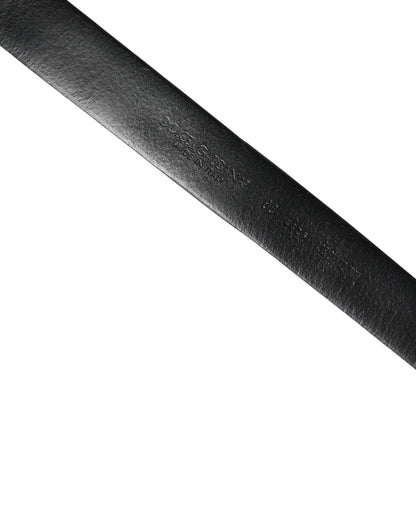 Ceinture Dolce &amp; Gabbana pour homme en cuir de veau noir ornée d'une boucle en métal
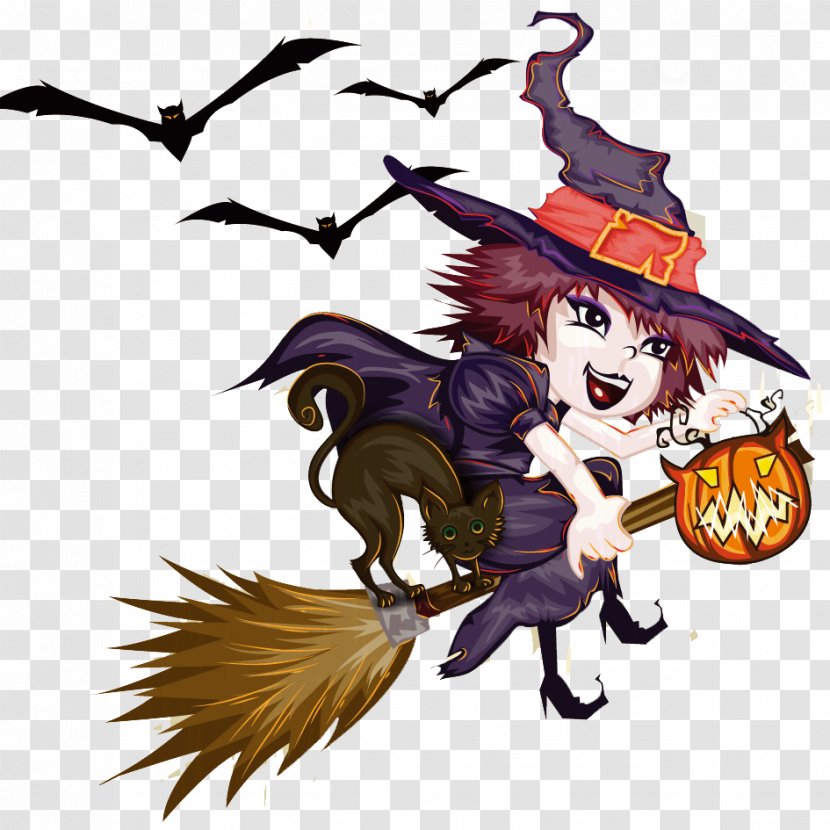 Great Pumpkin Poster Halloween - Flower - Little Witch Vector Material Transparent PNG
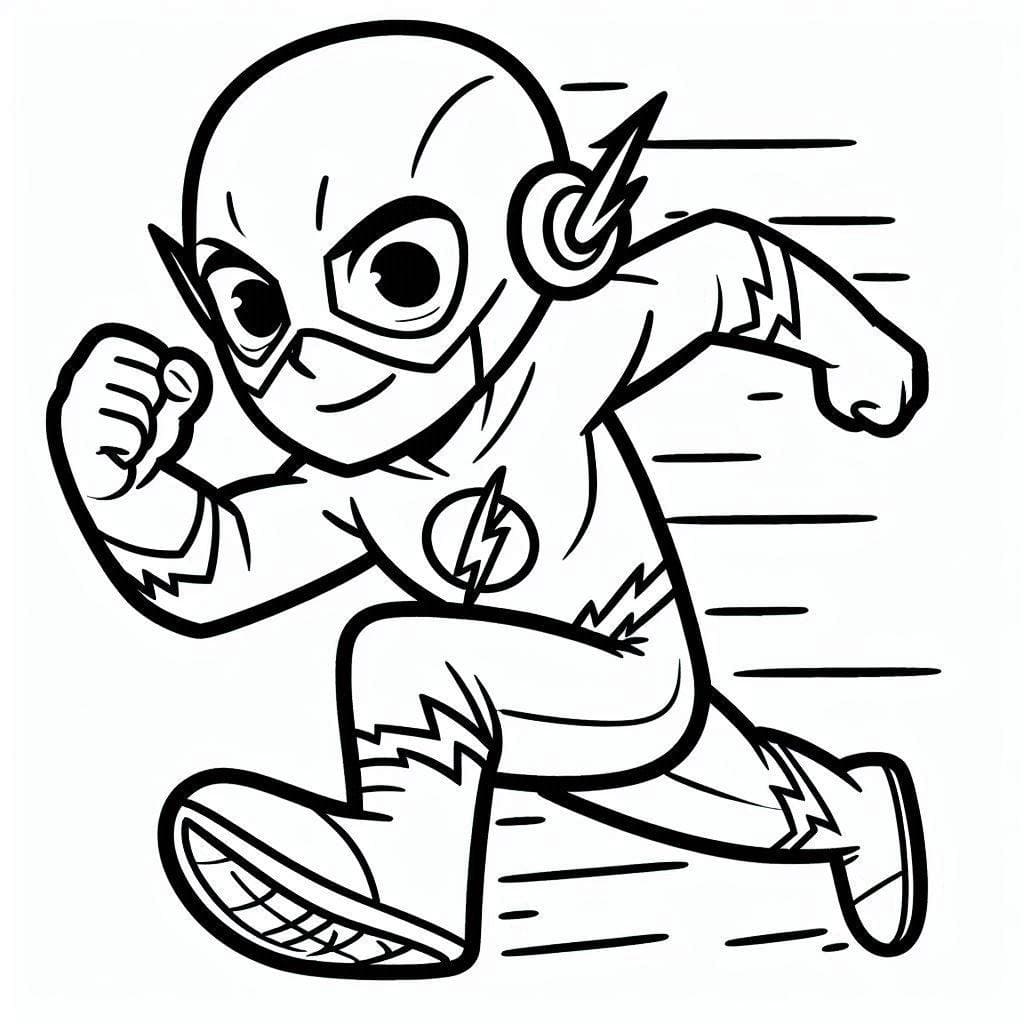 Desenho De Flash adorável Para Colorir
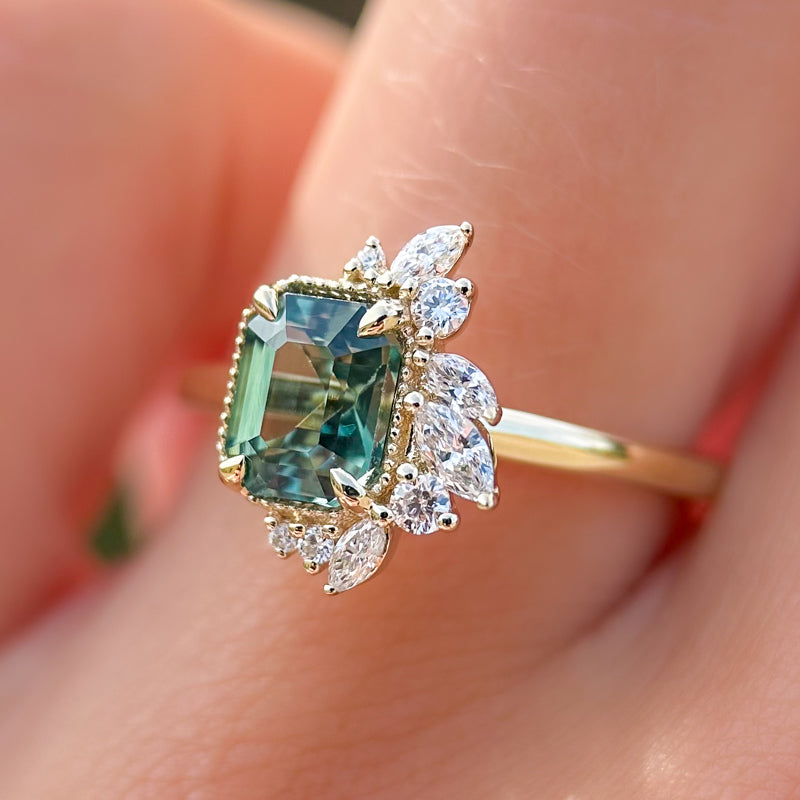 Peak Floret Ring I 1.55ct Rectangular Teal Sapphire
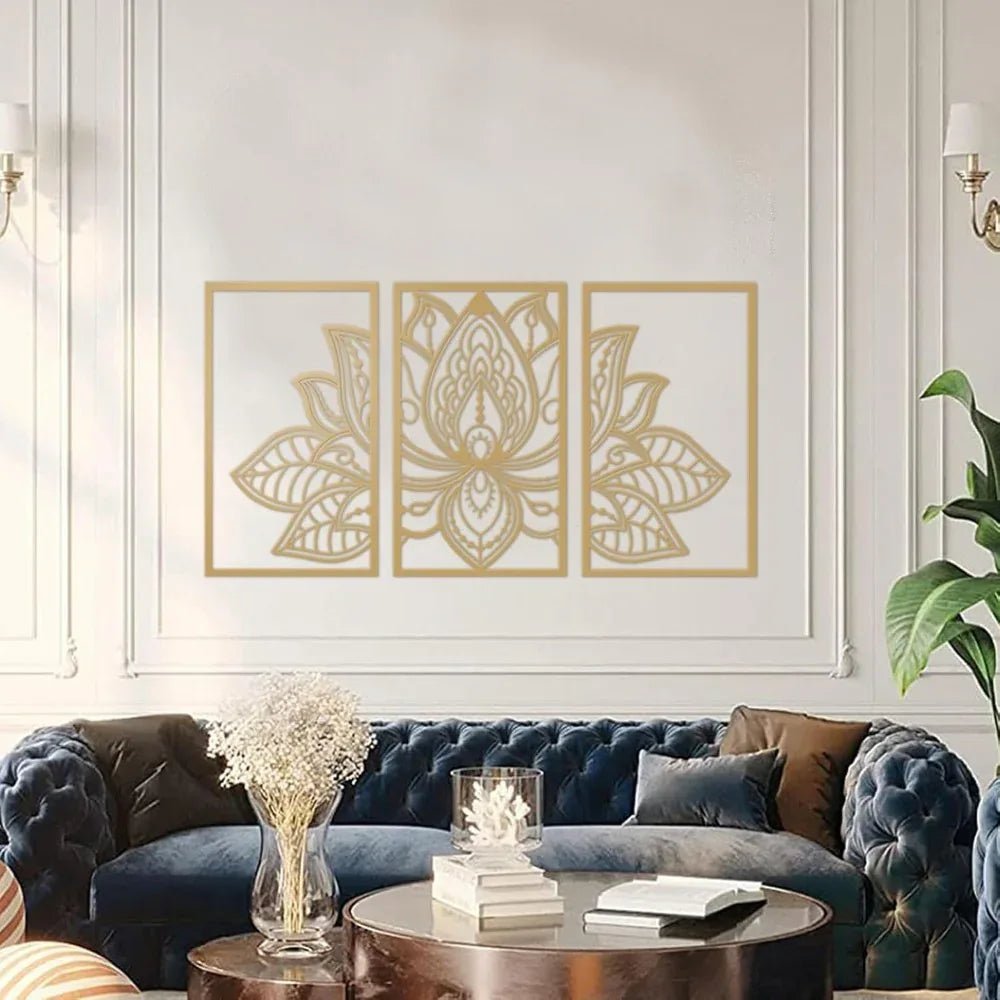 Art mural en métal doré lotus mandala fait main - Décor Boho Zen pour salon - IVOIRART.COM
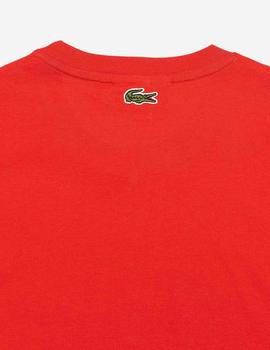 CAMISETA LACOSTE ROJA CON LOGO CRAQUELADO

...

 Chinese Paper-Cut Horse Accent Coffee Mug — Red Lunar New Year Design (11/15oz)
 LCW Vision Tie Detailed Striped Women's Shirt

# What you will do
Go through the material above and output exactly the lines from the one containing "Chinese Paper-Cut Horse" through the one containing "LCW Vision Tie".

# Reply to the task
 Chinese Paper-Cut Horse Accent Coffee Mug — Red Lunar New Year Design (11/15oz)
 LCW Vision Tie Detailed Striped Women's Shirt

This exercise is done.